Did I mention that I have forgone camps this summer? The notion started one crabby morning at the end of the school year, when lying in bed, I thought, “Wouldn’t it be great to go nowhere today? Wouldn’t it be nice to do nothing?”
(Note to future self: not ALL thoughts are meant to be acted upon.)
But the notion hung on (and the bank account confirmed) and so the mantra “no camps will be good for us all” remained the mantra. My kids want to be with me most of the time, after all, so until they don’t, let’s go for it. Let’s spend some time without distraction. I’ll practice what I have preached too often: kids need to learn how to play – with nothing, with grass, or dirt, or a pad of paper and some tape.
It is grand ideas like these that make one realize how much bigger the word “practice” is than “preach”.
So... I find sneaky ways amidst the not so gentle admonitions of “I am not here to entertain you, remember?” to get my proverbial ya-yas out. My glue gun works wonders with fabric (I can’t sew), so after trips (with all three kids – fun!!) to FancyPants textile store ($109 a yard?? who buys that?) and Wal-Mart (with a trip to the pool along the way), I get my voila! I also get some burned fingered tips, but the two-day transformation is complete -- apparently only for me, as no one said a word about the living room re-do. But that’s beside the point.
The brussel sprouts, given to me by Annie in tiny 2-inch pots, are gigantic now — a not-so-subtle reminder that summer is underway and maybe even passing faster than we think, but mostly an awesome architectural feature in the garden. Which needs weeding and pruning.

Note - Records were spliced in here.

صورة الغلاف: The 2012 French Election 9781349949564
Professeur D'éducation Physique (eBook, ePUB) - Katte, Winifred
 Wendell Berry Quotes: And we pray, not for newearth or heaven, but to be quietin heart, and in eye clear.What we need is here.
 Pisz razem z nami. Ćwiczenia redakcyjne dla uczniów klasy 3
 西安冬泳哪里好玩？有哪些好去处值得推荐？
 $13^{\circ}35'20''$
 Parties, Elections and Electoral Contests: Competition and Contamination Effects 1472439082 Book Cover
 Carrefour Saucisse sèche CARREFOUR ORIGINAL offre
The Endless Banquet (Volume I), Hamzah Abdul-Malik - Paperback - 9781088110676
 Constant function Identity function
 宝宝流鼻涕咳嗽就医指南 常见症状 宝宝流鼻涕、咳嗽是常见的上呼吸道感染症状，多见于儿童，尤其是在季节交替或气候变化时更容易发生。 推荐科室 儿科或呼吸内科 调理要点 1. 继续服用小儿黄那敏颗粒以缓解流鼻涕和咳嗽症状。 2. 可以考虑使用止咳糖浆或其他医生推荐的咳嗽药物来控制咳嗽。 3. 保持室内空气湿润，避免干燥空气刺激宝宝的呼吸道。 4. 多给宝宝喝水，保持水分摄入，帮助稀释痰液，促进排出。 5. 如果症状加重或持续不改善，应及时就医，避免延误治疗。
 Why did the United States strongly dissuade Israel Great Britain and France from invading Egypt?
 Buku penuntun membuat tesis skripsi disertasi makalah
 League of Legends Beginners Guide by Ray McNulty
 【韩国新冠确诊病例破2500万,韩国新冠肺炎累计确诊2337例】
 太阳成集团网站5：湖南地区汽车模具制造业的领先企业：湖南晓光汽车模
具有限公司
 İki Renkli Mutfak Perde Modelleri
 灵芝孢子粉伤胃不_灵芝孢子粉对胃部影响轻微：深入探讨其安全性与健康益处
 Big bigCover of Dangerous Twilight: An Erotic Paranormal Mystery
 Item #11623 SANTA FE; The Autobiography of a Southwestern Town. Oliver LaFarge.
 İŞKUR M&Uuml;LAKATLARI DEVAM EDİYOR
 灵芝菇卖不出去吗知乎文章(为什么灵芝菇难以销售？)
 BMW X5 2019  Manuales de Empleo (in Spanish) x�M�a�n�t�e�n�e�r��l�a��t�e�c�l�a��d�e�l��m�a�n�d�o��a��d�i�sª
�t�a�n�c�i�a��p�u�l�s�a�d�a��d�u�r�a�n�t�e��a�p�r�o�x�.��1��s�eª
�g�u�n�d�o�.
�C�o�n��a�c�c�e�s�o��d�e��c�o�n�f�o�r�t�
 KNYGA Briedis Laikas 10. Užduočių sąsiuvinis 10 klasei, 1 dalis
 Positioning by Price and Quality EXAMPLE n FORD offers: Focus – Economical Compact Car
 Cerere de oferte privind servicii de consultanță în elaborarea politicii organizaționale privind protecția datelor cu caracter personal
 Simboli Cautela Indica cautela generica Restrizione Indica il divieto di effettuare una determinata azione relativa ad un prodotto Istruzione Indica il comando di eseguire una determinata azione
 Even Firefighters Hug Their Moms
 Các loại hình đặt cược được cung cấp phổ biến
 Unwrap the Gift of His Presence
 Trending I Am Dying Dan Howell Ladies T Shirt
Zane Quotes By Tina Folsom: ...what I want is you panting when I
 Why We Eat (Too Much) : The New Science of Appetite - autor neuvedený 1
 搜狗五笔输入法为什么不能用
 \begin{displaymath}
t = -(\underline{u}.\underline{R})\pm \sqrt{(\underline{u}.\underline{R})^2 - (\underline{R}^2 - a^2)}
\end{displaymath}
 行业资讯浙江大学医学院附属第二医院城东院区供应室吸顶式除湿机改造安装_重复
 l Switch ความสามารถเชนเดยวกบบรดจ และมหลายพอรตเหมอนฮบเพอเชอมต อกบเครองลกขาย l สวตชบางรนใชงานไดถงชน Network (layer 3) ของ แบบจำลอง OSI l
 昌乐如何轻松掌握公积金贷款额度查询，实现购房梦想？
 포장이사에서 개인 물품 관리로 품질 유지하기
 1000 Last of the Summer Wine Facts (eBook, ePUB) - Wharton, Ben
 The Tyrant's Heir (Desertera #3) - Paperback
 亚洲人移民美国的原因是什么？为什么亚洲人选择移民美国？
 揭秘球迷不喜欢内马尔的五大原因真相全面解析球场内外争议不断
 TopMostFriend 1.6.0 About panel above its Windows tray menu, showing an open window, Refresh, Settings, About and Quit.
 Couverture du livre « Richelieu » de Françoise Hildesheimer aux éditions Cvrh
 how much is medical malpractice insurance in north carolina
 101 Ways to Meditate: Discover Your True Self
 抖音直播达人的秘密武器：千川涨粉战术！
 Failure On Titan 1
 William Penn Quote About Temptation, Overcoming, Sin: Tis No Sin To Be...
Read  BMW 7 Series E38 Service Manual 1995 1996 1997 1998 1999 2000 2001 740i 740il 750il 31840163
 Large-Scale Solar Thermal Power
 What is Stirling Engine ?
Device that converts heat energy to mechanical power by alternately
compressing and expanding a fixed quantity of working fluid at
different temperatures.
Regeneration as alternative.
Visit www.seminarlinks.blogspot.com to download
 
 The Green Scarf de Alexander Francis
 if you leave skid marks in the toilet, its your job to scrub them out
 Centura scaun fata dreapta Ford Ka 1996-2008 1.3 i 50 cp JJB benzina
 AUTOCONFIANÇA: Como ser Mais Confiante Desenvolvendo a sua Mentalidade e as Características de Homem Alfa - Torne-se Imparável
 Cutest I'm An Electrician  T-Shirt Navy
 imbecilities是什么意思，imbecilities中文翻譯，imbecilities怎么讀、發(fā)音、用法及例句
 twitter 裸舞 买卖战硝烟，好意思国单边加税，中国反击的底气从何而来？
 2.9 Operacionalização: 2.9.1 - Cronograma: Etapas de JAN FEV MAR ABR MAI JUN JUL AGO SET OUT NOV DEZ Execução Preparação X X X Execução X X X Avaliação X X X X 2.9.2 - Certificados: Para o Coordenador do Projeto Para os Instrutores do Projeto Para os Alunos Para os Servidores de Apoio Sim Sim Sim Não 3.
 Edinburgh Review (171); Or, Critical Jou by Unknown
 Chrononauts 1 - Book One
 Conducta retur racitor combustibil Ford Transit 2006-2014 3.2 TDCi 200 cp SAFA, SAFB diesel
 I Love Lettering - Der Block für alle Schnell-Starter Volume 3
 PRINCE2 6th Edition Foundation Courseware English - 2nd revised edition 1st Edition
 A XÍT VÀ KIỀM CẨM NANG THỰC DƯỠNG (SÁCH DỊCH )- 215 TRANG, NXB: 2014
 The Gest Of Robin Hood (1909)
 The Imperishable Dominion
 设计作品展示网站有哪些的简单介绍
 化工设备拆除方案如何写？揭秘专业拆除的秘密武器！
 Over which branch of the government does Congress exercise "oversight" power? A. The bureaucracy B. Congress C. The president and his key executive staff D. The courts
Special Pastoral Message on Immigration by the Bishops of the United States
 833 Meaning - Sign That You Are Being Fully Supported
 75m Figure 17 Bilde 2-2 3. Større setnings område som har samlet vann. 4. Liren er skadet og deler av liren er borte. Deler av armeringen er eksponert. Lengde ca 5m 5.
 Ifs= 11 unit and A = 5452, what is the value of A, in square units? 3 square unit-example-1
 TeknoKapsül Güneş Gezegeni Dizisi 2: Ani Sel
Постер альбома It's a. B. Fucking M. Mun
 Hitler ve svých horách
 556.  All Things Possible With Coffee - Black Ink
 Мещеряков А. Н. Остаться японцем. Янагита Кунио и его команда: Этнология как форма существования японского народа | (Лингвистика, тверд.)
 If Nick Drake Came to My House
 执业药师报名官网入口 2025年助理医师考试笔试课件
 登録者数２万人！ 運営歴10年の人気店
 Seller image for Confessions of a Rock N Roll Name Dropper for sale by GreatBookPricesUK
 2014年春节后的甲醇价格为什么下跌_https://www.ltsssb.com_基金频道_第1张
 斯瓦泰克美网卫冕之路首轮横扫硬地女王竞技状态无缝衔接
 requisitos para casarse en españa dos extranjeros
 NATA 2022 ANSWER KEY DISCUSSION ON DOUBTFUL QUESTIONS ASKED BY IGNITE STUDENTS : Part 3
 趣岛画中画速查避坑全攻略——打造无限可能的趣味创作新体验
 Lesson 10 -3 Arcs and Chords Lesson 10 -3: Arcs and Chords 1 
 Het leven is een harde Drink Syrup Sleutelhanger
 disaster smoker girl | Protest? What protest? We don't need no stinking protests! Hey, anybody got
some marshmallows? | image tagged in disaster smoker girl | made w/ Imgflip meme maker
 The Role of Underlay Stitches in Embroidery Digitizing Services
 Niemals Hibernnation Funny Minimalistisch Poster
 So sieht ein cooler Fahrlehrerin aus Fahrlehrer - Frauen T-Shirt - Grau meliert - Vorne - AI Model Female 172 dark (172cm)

Maybe tomorrow.
Right now I need to disinfect the musty towels, gather up all the toys and garbage and what-not that is splattered across my driveway, remind my son not to pee in the trash can (wicker one, no less), empty the dishwasher, fill it up again and see if I can find two kids’ shoes that match.
And figure out what to do tomorrow.
Tuesday, July 3, 2007
Goodbye to Anger
I wrote this, and I need to be done with it.
Anger:
Rage is such a silent thing
most of the time.
But inside the blood and guts,
the tissue and bone,
of every good decent human being
rage looms.
It’s a threat of a threat,
and a chance that the chance might come
to take over: become
an attack
a scream
a thrust of some violent words or
fists or who knows what.
The urge bows down at the feet of our humanity.
It only needs one lazy toe
to let go.
You fuckinloudmouthedbitch
justshutup.
For instance.
>>>>>>>>
I wrote that desperately.
I am less desperate now, for reasons that partly include this place: it has never been a bad idea to write "it" down.
So the anger is becoming an old friend and like all old friends, it feels funny to let go, but I do.
(Not funny ha-ha, like the Gigantic Three year old who, newly-potty trained opened up the front door of our house, dropped trou and pissed all over the steps for every neighbor to see. Not funny in that way.)
By funny, I mean the funny that happens when you sit up and see how fruitless all your anger has been. That kind of funny, as in -- wait, that was wierd: I wasted so much time.
So guhbye to that. Buh - bye. See ya. So long. Bye.